Government establishment. This village has attained to the importance of a provincial town, by having a navigable canal cut to the Ichhámatí River, as well as very fair roads leading from it to the nearest marts of traffic, thus establishing it an emporium for the sale and shipment of the produce of the surrounding country.’ The principal traffic of the town is in exports of sugar and rice. Lat. 22° 42' 35" N.; long. 89° 7' 55" E.
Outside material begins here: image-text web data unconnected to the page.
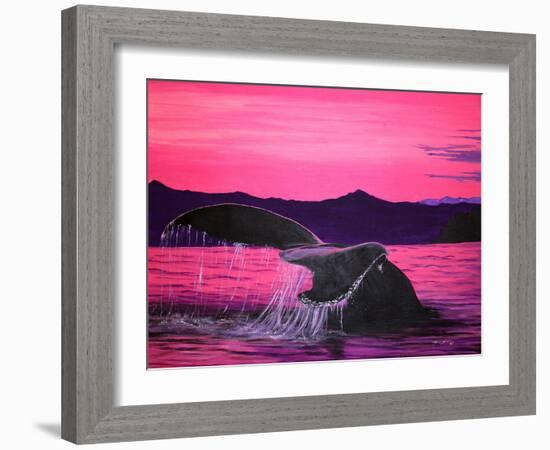 Pink Whale-Megan Aroon Duncanson-Framed Art Print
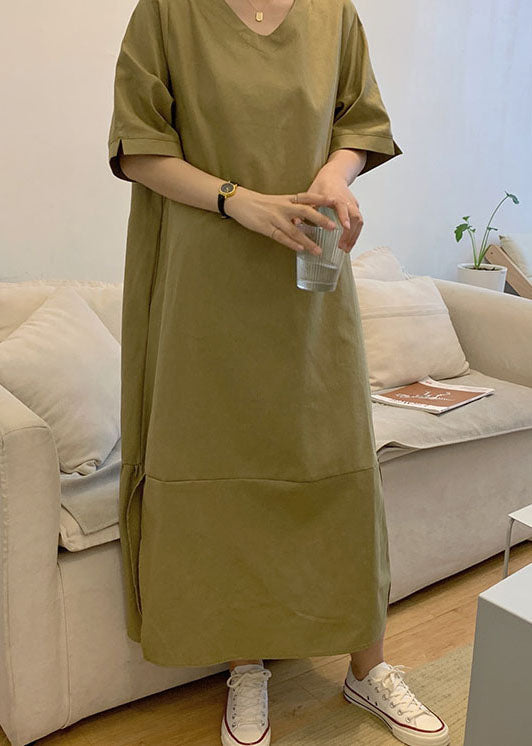 Casual Green V Neck Patchwork Wrinkled Cotton Dress Short Sleeve LY2145 - fabuloryshop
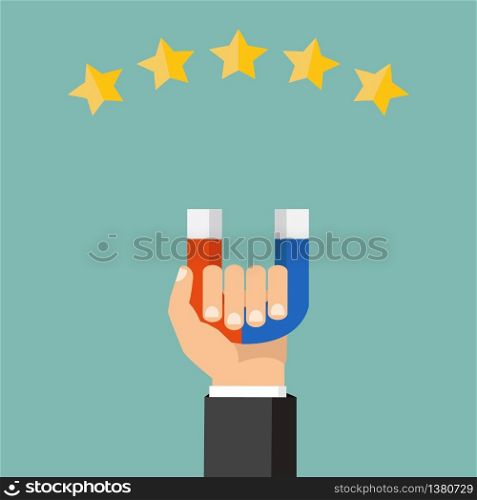 Human hand holding a magnet. Vector illustration, flat style, isolated on background. Vector illustration, flat style, isolated on background. Human hand holding a magnet.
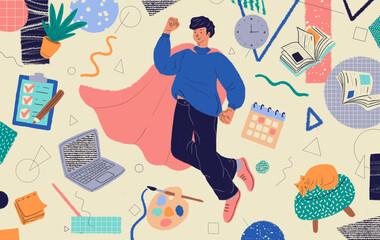 Employee value and work-life balance illustration concept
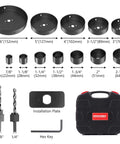 HYCHIKA 19-piece hole saw kit with case, blades 3/4-6 in, mandrels, drill bits, installation plate and hex key.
(14) Jainagar.—A police station in the Báruipur Subdivision situated near the old bed of the Ganges; area of town, 2086 acres, or 3.26 square miles; 1261 houses. Population according to the experimental Census of 1869, males, 2624; females, 2748—total, 5372. Population ascertained by the regular Census of 1872: Hindus, males, 3709; females, 3499—total, 7208. Muhammadans, males, 336; females, 228—total, 564. Total of all denominations, males, 4045; females,3727—grand total, 7772. Average number of inmates per house, 6.1; average number of persons per square mile, 2384. The increase in the population since 1869 is due to the town boundaries having been considerably extended since that date. The area given above, however, is as it existed at the time of the experimental Census. The municipal income in 1869 amounted to £206, 16s. 0d., and the expenditure to £143, 4s. 9d. Income in 1872, £230, 8s. 0d.; expenditure, £145, 0s. 0d. Rate of municipal taxation, d. per head of the population. The Municipal Police consists of 1 head constable and 13 men. The old bed of the river has been dammed across, and at Jainagar it forms a continuous line of tanks, at one of which are some Hindu temples, decorated with indecent sculptures. According to Major Smyth, in one of the temples is an idol about the size of a boy eight years old, carved in stone, connected with which the following tale is told:—‘Some seventy-five years ago, the idol was mistaken by a tiger for a living person, and carried off into the jungle, where he left it. The idol was missed after a time, and a great noise made. However, a person, who doubtless knew all about it, became at once a prophet, and informed the people that the idol had appeared to him in a dream, and told him whereabouts in the jungle it was to be found. The Bráhmans proceeded there in a body, and on finding the idol returned home with triumph. The impostor became of course much respected, and the idol much extolled, after his miraculous restoration. There is also a miraculous tree, which buds and blossoms during the night of the Pújá, and the flower of which is offered in the morning to the idol.’